In a remote world, communication is key. Communication provides the organization an opportunity to shape the culture—how, when, and what messages leaders and employees share are all opportunities to reinforce the desired culture. 

Unfortunately, in a remote world, messages are missed, or misinterpreted, causing confusion, frustration, and sometimes distrust. And while more tools to help employees collaborate seem like a bonus, they often mean more messages scattered in various places, causing additional frustration. A few best practices include: 

  • Over communicate key messages. A general rule of thumb is people need to hear a message seven times before they take an action. This is magnified in a remote world. Because employees are not privy to information they may have been accustomed to in the office, it’s important that everyone be very intentional about sharing key messages. These messages provide an opportunity to connect back to the organization’s purpose or reinforce a sense of humanity and support for people’s well-being and belonging. 
  • Set up norms for the use of communication tools. I often hear frustration over the haphazard use of communication tools. Since culture is focused on “how things are done,” norms are necessary to establish consistency. For example, use email for requests for work and status updates, and use chat apps for informal conversations and questions.  
  • Schedule consistent “huddle times” when the team can align on key priorities. This allows managers to ensure everyone is working towards the same goal and prevents the need to micromanage.
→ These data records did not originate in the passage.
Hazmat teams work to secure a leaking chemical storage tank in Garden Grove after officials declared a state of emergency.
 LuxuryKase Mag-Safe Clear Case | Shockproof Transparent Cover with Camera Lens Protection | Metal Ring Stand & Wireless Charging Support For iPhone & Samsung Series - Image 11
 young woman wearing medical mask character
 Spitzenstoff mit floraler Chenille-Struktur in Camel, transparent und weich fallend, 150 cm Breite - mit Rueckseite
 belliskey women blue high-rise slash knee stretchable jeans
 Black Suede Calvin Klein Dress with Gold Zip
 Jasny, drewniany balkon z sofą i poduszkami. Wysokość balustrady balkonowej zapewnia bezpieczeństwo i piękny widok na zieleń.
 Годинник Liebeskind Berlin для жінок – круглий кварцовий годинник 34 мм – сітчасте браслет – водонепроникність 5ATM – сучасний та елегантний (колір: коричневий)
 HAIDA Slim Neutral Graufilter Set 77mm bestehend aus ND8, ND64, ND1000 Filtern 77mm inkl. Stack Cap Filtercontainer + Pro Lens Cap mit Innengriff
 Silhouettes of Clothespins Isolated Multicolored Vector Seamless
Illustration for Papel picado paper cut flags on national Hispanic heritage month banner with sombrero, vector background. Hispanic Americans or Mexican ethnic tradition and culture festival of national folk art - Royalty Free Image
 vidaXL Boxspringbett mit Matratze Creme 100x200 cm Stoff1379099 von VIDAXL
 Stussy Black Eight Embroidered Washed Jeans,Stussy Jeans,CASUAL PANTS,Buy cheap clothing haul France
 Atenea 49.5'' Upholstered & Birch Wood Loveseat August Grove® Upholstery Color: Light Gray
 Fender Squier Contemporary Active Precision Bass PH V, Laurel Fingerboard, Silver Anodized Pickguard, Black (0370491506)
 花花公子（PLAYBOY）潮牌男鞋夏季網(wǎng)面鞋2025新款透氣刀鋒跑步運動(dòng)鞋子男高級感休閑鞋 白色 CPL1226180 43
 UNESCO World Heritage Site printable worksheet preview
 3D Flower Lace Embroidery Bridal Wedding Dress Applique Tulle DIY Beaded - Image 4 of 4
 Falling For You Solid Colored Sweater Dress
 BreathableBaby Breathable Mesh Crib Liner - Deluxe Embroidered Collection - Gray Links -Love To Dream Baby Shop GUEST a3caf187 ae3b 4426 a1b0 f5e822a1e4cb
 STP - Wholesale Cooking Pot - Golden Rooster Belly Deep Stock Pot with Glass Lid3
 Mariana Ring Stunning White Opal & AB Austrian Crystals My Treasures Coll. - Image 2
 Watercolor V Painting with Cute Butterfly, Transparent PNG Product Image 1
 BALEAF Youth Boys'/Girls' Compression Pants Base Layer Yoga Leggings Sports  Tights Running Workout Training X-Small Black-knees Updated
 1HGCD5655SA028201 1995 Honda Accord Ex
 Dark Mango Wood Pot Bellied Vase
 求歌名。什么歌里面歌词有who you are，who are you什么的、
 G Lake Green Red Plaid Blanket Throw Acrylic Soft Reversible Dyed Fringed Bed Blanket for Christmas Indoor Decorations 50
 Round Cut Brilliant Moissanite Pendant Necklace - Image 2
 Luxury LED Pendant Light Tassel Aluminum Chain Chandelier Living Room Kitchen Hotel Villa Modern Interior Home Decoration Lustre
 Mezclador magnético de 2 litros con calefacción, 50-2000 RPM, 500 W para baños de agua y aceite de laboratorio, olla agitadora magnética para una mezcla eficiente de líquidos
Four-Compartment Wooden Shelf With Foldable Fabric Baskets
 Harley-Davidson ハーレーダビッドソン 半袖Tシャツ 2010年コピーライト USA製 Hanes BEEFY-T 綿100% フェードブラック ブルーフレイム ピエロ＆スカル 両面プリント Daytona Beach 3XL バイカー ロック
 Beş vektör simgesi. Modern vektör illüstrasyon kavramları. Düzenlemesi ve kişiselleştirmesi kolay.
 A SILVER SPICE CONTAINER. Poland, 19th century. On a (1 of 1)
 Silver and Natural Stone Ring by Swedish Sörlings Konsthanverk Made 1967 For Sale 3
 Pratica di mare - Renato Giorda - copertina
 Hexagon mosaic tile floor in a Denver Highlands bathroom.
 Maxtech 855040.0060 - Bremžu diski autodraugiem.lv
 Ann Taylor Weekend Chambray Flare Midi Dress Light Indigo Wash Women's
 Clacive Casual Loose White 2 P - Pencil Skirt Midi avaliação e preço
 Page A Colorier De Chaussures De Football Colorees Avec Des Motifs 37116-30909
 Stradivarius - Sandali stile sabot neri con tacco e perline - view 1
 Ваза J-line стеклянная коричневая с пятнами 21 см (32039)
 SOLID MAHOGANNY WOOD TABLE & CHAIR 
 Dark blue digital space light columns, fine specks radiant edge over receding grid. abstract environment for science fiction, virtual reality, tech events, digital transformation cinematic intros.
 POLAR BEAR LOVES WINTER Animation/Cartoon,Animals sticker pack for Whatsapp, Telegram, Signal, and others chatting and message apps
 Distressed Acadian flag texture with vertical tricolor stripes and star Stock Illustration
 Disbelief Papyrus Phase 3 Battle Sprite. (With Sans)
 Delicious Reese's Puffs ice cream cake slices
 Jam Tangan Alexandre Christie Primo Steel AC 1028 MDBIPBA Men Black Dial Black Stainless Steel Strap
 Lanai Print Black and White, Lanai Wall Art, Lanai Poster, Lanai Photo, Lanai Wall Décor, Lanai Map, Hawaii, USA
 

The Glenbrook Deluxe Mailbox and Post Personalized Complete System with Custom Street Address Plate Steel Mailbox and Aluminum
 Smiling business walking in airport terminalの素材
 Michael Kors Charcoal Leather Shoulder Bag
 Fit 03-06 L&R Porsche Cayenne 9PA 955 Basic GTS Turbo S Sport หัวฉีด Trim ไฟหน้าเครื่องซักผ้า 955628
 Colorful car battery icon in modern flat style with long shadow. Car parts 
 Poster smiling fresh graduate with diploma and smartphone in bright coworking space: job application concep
Managers can also deliver important messages in person and share recognition or appreciation.  

4. Ask employees about their cultural experience regularly. 

Most organizations want to understand how their culture plays out compared to the values and behaviors they wish to build. A culture survey is an easy way for employees to share their experience with the culture in practice to ensure it lines up to what is desired. 

For many organizations, measuring culture annually provides the right cadence of information for executive leaders to actively manage their culture. In addition to your annual culture survey, we recommend continuing your quarterly engagement pulses, integrating themes on culture, as needed.  For example, if leaders learn from a culture survey that they need greater customer focus, they can add a customer-focus item to the engagement pulse. That way managers will know where to focus and take action.​ 

Digital River Vice President of Human Resources Becky Garroch said the culture metrics her organization gleans from employee engagement surveys helps leaders better understand how culture impacts both their business and their people.  

“The real power was being able to present to our executive team a cultural description that they recognized as tangible, important for business success, and vital for employee engagement,” she said. 

Final thoughts

​As organizations begin to explore the next phases of remote work and return to the office, including hybrid teams, it will be increasingly important to understand what culture exists and redirect the organization towards the desired culture. Remember, culture is built through consistency. Helping employees feel connected and in the know, and giving them a voice regarding your culture, will enable the organization to be resilient in times of change.